What is missing is an honest conversation about what the tools we call tests and standards were actually designed to do. Were they designed to foment excellence or were they designed for some other purpose? And if they were designed for some other purpose and we adopt them and don't see the excellence we want, wouldn't it behoove us to lift the hood and see if somehow we have a mismatch?

What you've identified in your work is evidence of the mismatch. Our standards consist of hundreds of behavioral statements whose design is to control and constrain, and our tests are designed to give us an empirical reflection of the status quo so we can see where we fit. Slavish adherence to those two things risks constraining the system of education and repeating the status quo from one year to the next, rather than moving ahead of it. What your analysis suggests is that the system as it is constituted is performing perfectly against its design. That's why the gaps continue and why so little seems to change from one year to the next.

I don't want to stick my neck out too far on suggesting why the whole system seems so stagnant compared to previous iterations of the standards and exams, but one major policy change is likely contributing: the inclusion of test scores in teacher evaluations. Teachers who are told that the test is the basis for their evaluation are much more likely to limit their teaching to the test, making it much more likely that they will merely repeat the status quo from one year to the next. I'd be interested to see the correlation between tying test scores to teacher evaluation to see if that hypothesis holds, but I'll bet it does.
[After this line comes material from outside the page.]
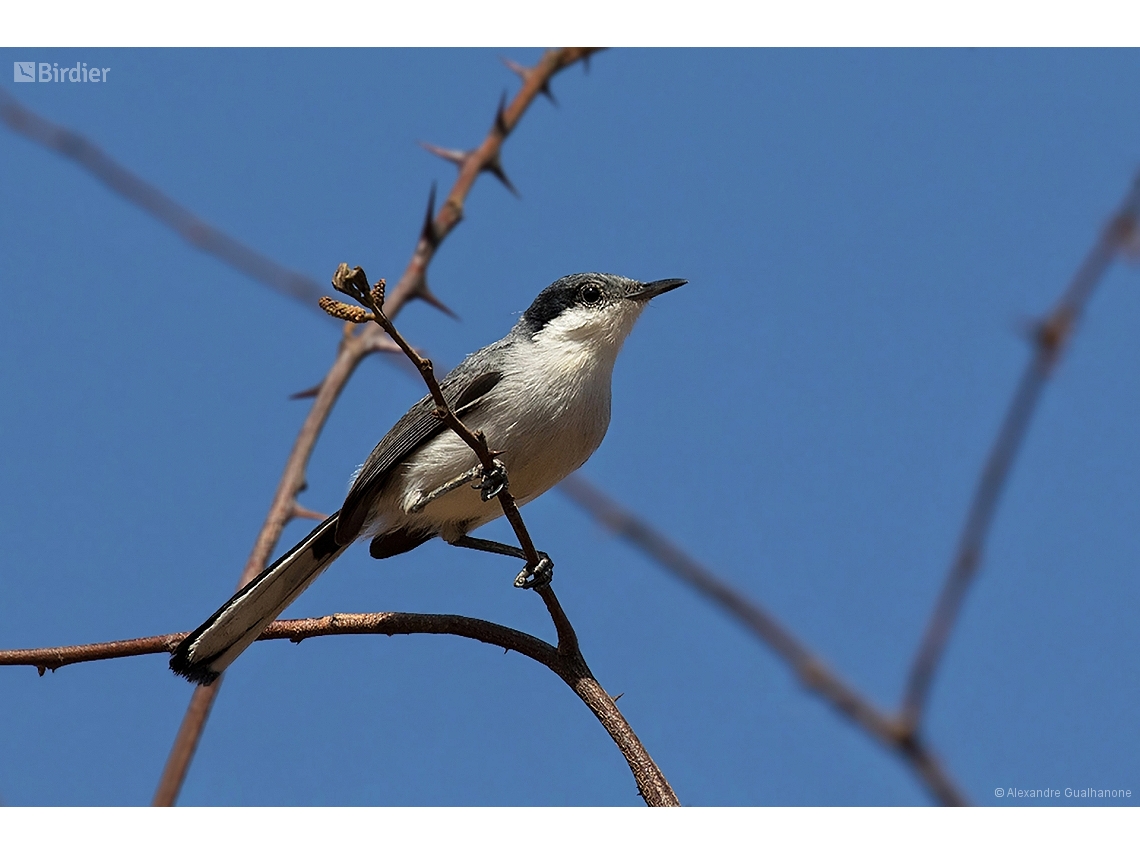 Polioptila plumbea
Bottom line is that if excellence is the goal we need a profoundly different system than the one in which we work. My work shows that excellence was never even included in the present system and yet our policies insist that teachers adhere slavishly to the present system. The contradictions in that are huge: teachers are told to foment excellence and adhere to the system, but you can't do both.
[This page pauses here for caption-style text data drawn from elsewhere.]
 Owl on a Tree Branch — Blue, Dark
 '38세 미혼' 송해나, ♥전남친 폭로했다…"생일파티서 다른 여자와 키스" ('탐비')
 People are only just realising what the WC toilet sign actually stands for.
Here's where that leaves us: the more we hold teacher's feet to the fire for test scores, the more likely we are to see the stagnation continue, and the more likely we are to blame teachers for the problem. The hope I see in that is that we gave teachers a lousy definition of success and insisted at the expense of their livlihood they get there and to a large degree they've done it. What teachers are hungry for is a proper definition of success, one worthy of actually standing as a goal. Where I'm hopeful is that I truly believe teachers are capable of meeting whatever definition of success we place in front of them, and now its up to us to offer them a new and improved definition, one actually in line with the goals of education.

If building codes were built by the same people who make educational policy...
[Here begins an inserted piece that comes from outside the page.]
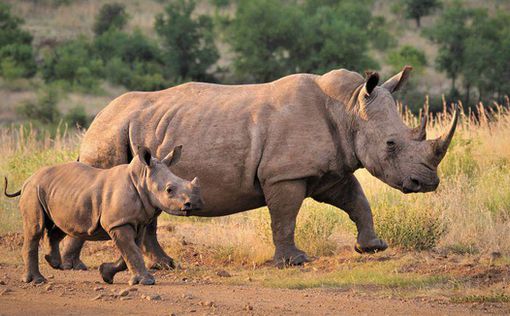 В Зимбабве удалят рога у всех носорогов, чтобы предотвратить браконьерство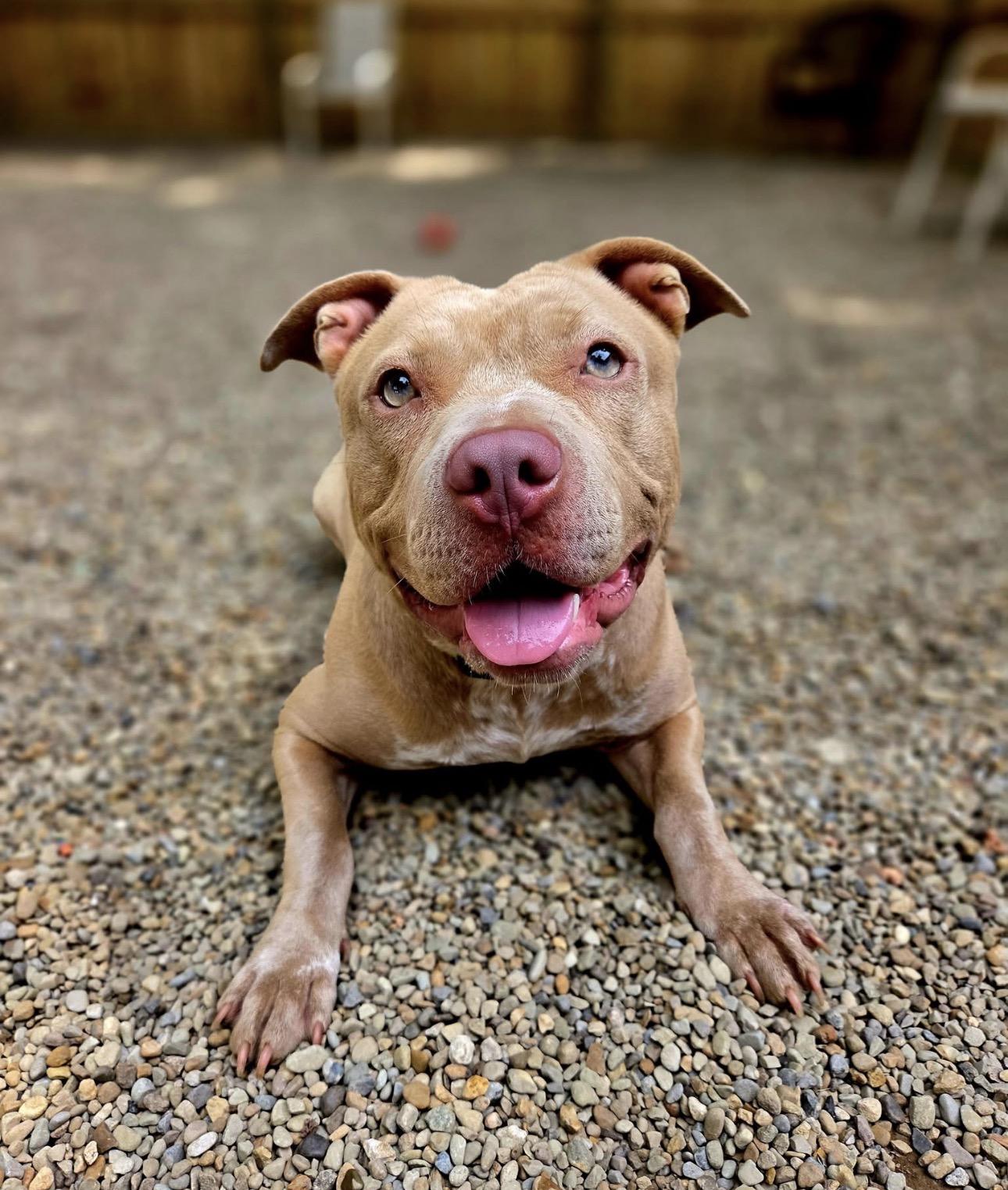 Billie Jean, a ADOPTABLE mixed breed in Youngstown, OH image 1/6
I find it unremarkable and simply a given that when establishing policy in virtually every professional field: medicine, engineering, construction, etc., policy makers and regulators turn to experts who understand the field. This helps ensure that the technical components are properly addressed and in turn helps ensure that the policies will have the desired effects.

I wish policy makers would offer the same courtesy to the field of education.

The lone qualification for someone to make education policy in this country is the completion of a high school education, as if having been in a school imparts expertise. I walk through buildings every day and yet that in no way qualifies me to build them. I go to my doctor when I'm sick but that doesn't qualify me to practice medicine. I use a computer but that doesn't qualify me to write code.

But education seems to be different, treated as something any idiot can understand, and so no expertise is required to write the laws that will govern one of the most critical components of our society.

The analogy I want to make is this: if our building codes were given the same professional courtesy as our education policy we'd be lucky when a building doesn't fall down. That is worth thinking about.